Learn hierarchy

Created on Fri Nov 22 14:11:01 2019

@author: Lieke

scHPL.learn.learn_tree(data: AnnData, batch_key: str, batch_order: list, cell_type_key: str, tree: TreeNode | None = None, retrain: bool = False, batch_added: list | None = None, classifier: Literal['knn', 'svm', 'svm_occ'] = 'knn', n_neighbors: int = 50, dynamic_neighbors: bool = True, distkNN: int = 99, dimred: bool = False, useRE: bool = True, FN: float = 0.5, rej_threshold: float = 0.5, match_threshold: float = 0.25, attach_missing: bool = False, print_conf: bool = False, gpu: int | None = None)[source]

Learn a classification tree based on multiple labeled datasets.

Parameters:
  • data (AnnData) – AnnData matrix containing aligned datasets.

  • batch_key (String) – Column name in adata.obs containing batch information.

  • batch_order (List) – List containing the order in which the batches should be added to the tree.

  • cell_type_key (String) – Column name in adata.obs containing the celltype labels.

  • tree (TreeNode = None) – Existing tree to update with the new datasets.

  • retrain (Boolean = False) – If ‘True’, the inputted tree will be retrained (needed if tree or datasets are changed after intial construction).

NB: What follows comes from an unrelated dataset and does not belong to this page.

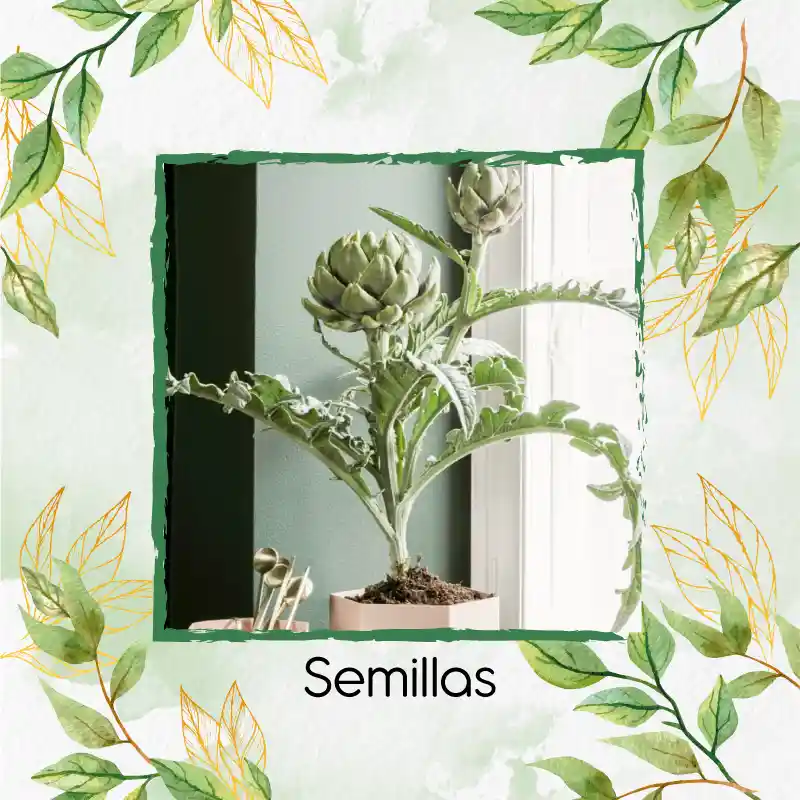 800 Semillas Orgánicas De Alcachofa Green Globe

  • batch_added (List = None) – List that indicates which batches were used to build the existing tree.

  • classifier (String = 'knn') – Classifier to use (either ‘svm’, ‘svm_occ’ or ‘knn’).

  • n_neighbors (int = 50) – Number of neighbors for the kNN classifier (only used when classifier=’knn’).

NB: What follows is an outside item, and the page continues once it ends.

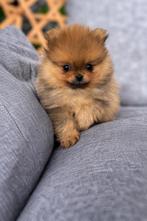 Prachtige pomeranian pups (NL) beide ouders aanwezig, Parvo, Keeshond, 8 tot 15 weken, Meerdere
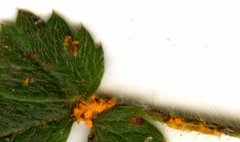 Phragmidium fragariae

  • dynamic_neighbors (bool = True) – Number of neighbors for the kNN classifier can change when a node contains a very small cell population. k is set to min(n_neighbors, smallest-cell-population)

  • distkNN (int = 99) – Used to determine the threshold for the maximum distance between a cell and it’s closest neighbor of the training set. Threshold is set to the distkNN’s percentile of distances within the training set

  • dimred (Boolean = False) – If ‘True’, PCA is applied before training the classifier.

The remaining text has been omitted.